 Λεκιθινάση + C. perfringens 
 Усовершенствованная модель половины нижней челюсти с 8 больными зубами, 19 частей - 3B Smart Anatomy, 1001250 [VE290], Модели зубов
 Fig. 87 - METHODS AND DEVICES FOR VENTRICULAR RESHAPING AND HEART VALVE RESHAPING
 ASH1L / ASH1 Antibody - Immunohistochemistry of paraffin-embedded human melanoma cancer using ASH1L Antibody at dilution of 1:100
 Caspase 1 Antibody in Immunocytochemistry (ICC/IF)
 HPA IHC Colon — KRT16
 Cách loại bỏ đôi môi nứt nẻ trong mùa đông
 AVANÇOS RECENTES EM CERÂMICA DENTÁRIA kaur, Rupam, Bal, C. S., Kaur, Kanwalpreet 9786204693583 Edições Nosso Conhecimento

*-*-*

[WORK INSTRUCTION] Nothing may be omitted. Restate all of the entries exactly.

[EXPECTED OUTPUT]
 Λεκιθινάση + C. perfringens 
 Усовершенствованная модель половины нижней челюсти с 8 больными зубами, 19 частей - 3B Smart Anatomy, 1001250 [VE290], Модели зубов
 Fig. 87 - METHODS AND DEVICES FOR VENTRICULAR RESHAPING AND HEART VALVE RESHAPING
 ASH1L / ASH1 Antibody - Immunohistochemistry of paraffin-embedded human melanoma cancer using ASH1L Antibody at dilution of 1:100
 Caspase 1 Antibody in Immunocytochemistry (ICC/IF)
 HPA IHC Colon — KRT16
 Cách loại bỏ đôi môi nứt nẻ trong mùa đông
 AVANÇOS RECENTES EM CERÂMICA DENTÁRIA kaur, Rupam, Bal, C. S., Kaur, Kanwalpreet 9786204693583 Edições Nosso Conhecimento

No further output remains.